I believe that building a major library at the scale of the Princeton University Library, the Yale University Library, or the Boston Public Library would require institutions to offer access to a curated digital collection of 10 million books, most of which are post-1923. Collaborators can prioritize subsets of books, such as the 1.2 million books most widely held by libraries according to OCLC or the almost 1 million books that appear on one or more syllabi as determined by the Open Syllabus Project.5 A team of collaborators could volunteer to ensure full coverage in the major subject areas while building on the core collection. But for the purposes of argument, let’s stipulate that 10 million books is the number we would need to support a broadly useful public digital library system.
Collaborating to Build a Digital Collection
Building a collaborative digital collection of 10 million books will require our libraries and our partners to efficiently perform three functions:
- Coordinate collection development to avoid duplicating effort
- Offer local and cloud access
- Provide distributed preservation
In very broad strokes, to build the collections, we need curators or curatorial approaches for selecting the most useful books, then a process to determine which books we already have digitized. We need institutions or vendors able to source the missing physical books to be digitized. The participating organizations would need to have the funding to staff these functions, based either on their internal budgets or on funds raised from philanthropic sources. Maybe we could start with some already funded projects, since they might help shape the rest of the system.
Curating a Collaborative Collection
Prioritizing the books is still an open question. One approach might be to break the collection into a widely-used core of books for K-16 learners and into important topical collections. The Internet Archive could focus on obtaining and scanning the core collection of perhaps 1–2 million volumes, and then partner libraries with strong specialties could develop and scan the subject-based collections. An engineering school might take on engineering books, and a law school could focus on law books.
We must continue to work with Google Books, HathiTrust, and Amazon to explore areas of alignment. No one in the library world wants to waste precious resources by digitizing a text more than once. It would be a public benefit if these large-scale digitizers would be willing to contribute to this collaborative effort.
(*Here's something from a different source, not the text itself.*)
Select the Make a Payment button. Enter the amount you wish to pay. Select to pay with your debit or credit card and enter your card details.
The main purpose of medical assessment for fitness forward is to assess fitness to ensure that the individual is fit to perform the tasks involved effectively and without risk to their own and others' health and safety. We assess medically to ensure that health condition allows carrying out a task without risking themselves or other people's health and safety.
We will also need to research which books are emerging from copyright protection and create a comprehensive list of all digitized works. These will be important areas of research to support.
Various Levels of Access
Once we have established the core collections, each library can determine its own approach to providing access to modern works. Some might want to start by giving full access to the blind and dyslexic, as the University of Toronto is doing through the Ontario Council of University Libraries (OCUL) and the Accessible Content E-Portal. Others, such as the University of California, might want to create a preservation copy. Some, such as HathiTrust, might prepare datasets for nonconsumptive researcher access. And many others, including the Internet Archive, may choose to lend their copies while keeping the physical copy on the shelf. This flexibility in access models could be one of the great strengths of this overall approach to bringing 20th-century books online — different libraries in different countries can play varying roles as their environment permits.
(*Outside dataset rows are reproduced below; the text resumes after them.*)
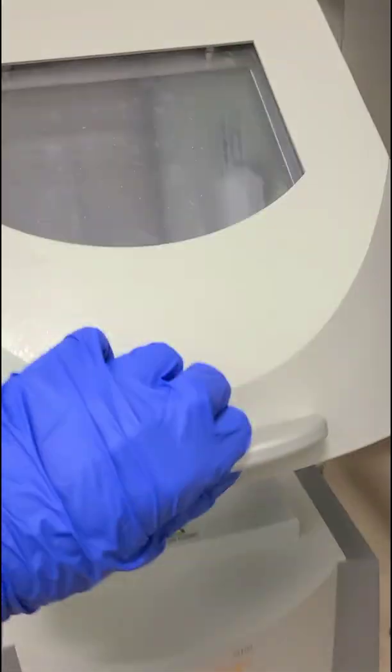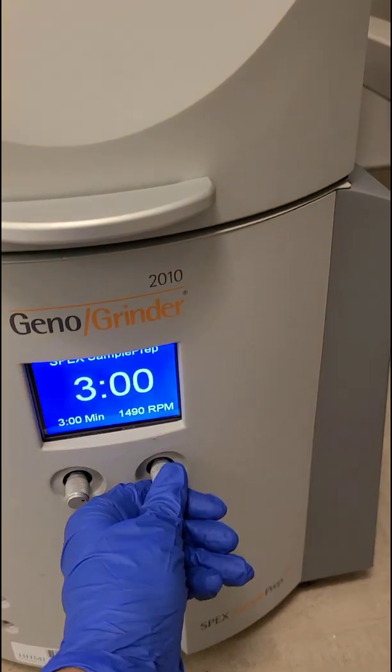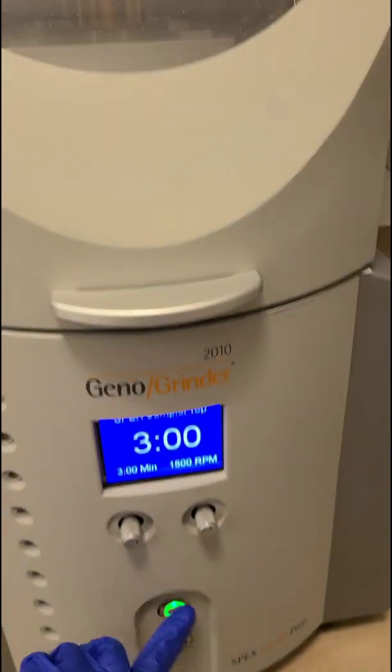Looks good. Close that. Three minutes good. Fifteen hundred. It's gonna be kind of loud. Off it goes.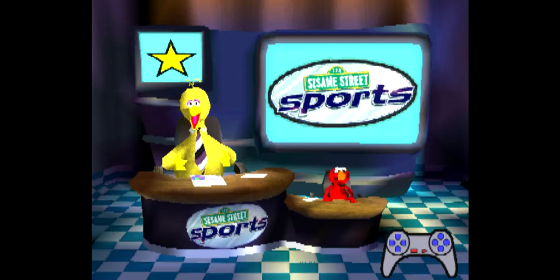It's a fine day for playing sports with all of your Sesame Street friends. I'm Big Bird and I'm very excited to be here today. That's right, Big Bird. Everyone has been practicing very hard and they're ready to go. Elmo's ready too. That's great, Elmo.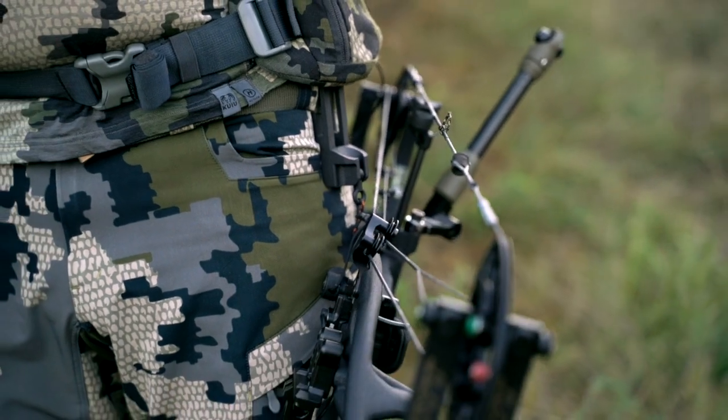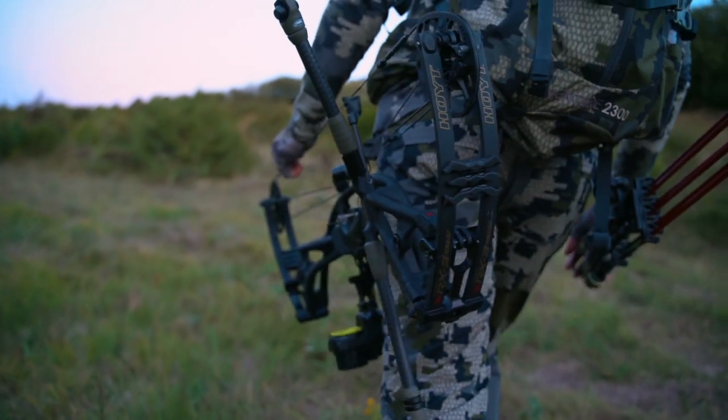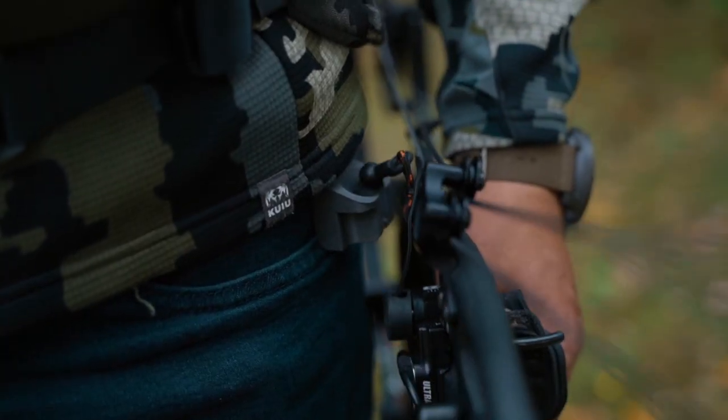Many of you have been dreaming for so many years to find something to hold your bow during stalking, reduce the weight on your arm, and allow you to retrieve it quickly in action when you need it.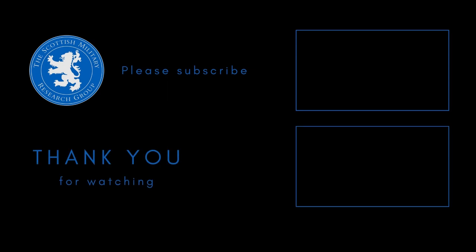If you've enjoyed this review please leave a like or a comment below, and please subscribe to make sure you don't miss out on future videos. Thank you for watching.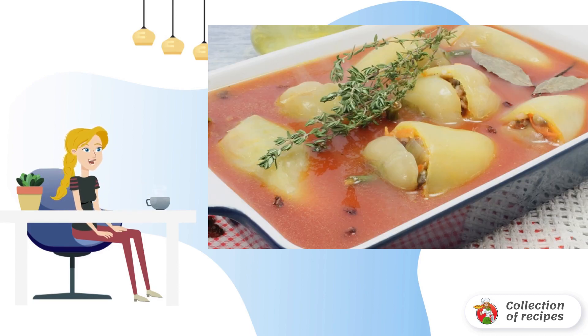Dilute tomato paste in 200 milliliters of boiling water. Pour the resulting mixture over the peppers. Stew the dish in the oven for 35-40 minutes at a temperature of 180 degrees.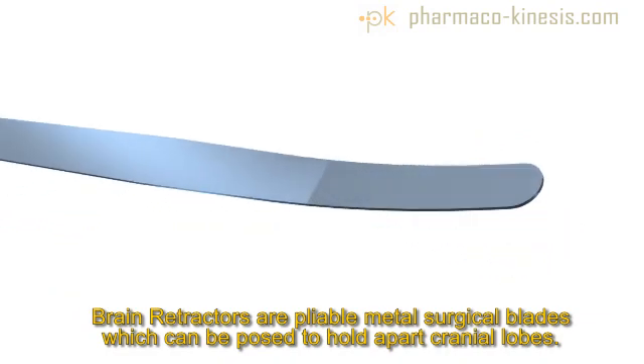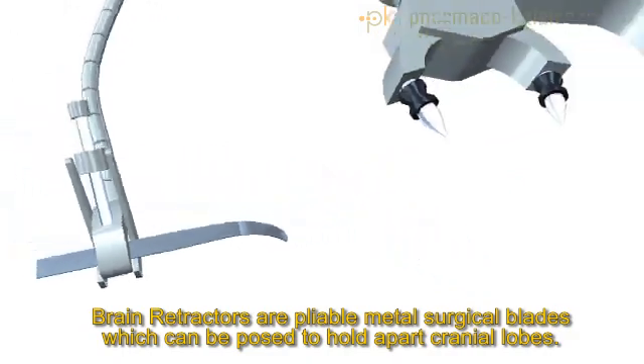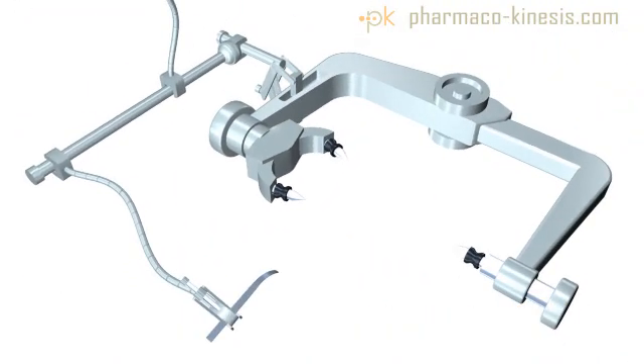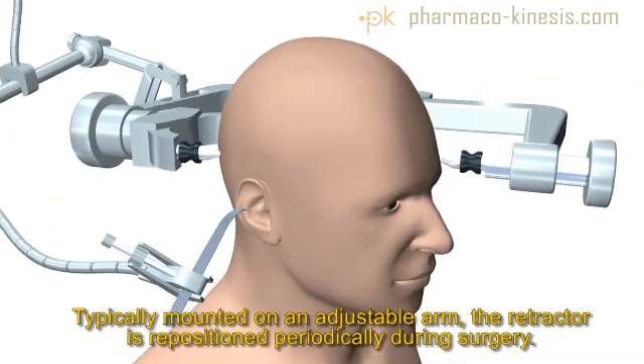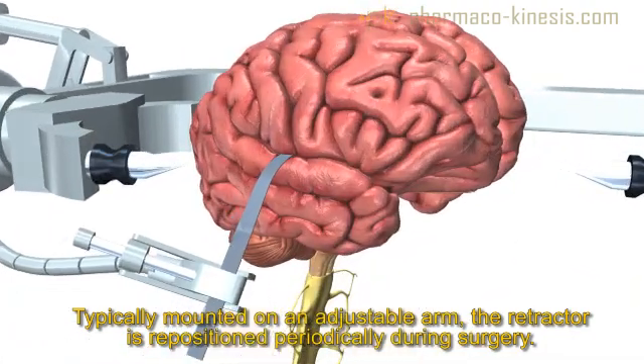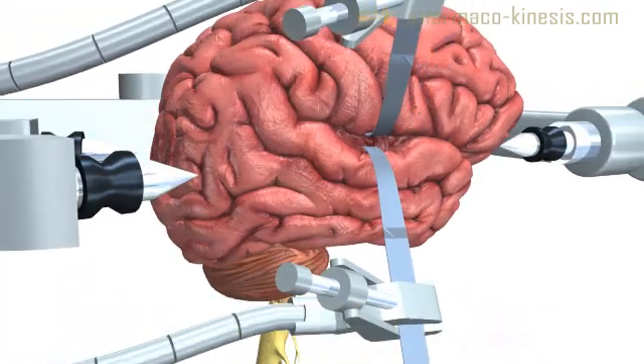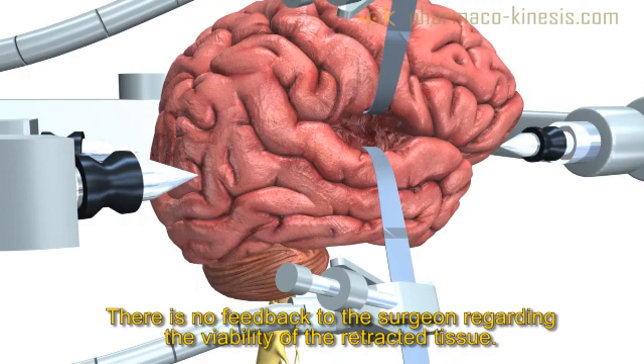Brain retractors are malleable steel blades, typically attached to a flexible snake mounted on a stationary base such as a Mayfield head holder. They are bent into any position required by the procedure to physically hold apart lobes of the brain, and can be detached and repositioned by the surgeon if needed. However, there is no feedback from the retractor to the surgeon whether a retracted region of the brain is injured or at risk of injury.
Libraries can take a giant step forward in the digital era by lending purchased and digitized e-books. The Internet Archive digital e-book lending program mirrors traditional library practices: one reader at a time can borrow a book, and others must wait for that one to be returned manually; alternatively, after two weeks the book is automatically returned and is offered to any waiting patrons. The technical protection mechanisms used to ensure access to only one reader at a time are the same technologies used by publishers to protect their in-print e-books. In this way, the Open Library site is respectful of rights issues and can leverage some of the learning and tools used by the publishers. The California library consortium Califa has set up its own lending server, and it makes purchased and digitized books available through its own infrastructure to California residents. We understand the Department of Education in China also loans books it owns to one reader at a time at a major Chinese university. We all learn and benefit when different organizations in different countries test a range of approaches to access, balancing convenience and rights issues.
How would we circulate the digital e-books? Some libraries are integrating links into their library catalogs, so information about the digital versions and physical copies are side by side in the same record. Libraries can always link to the copy in the Internet Archive’s Open Library, but if this is a modern book, there may be only one copy available for the whole world. Libraries can also store their own digital copies and administer their own lending system, as Califa has done. Another alternative is that the Internet Archive could create a circulation system that would administer the lending for libraries. In effect, then, each library can choose from a variety of methods to lend digital versions of the physical books in its collection. This would keep the local libraries in control but leverage the convenience of a cloud-based system that others maintain and update.
Turning on the e-book links in a catalog might be very easy now that many libraries have their catalogs on cloud services from major catalog vendors. Persuading those providers to collaborate with this community could help deliver e-books to millions of patrons with a flip of a digital switch.
Distributed Preservation
If we are striving to build the modern-day Library of Alexandria, we should avoid the fate of the first Library of Alexandria: burning. If the library had made another copy of each work and put them in India or China, we would have the complete works of Aristotle and the lost plays of Euripides. Our community should preserve multiple copies of the books that are bought and digitized. While many libraries may be content with access to the collection on a cloud-based server, we can empower and encourage a number of libraries to store local digital copies of their books.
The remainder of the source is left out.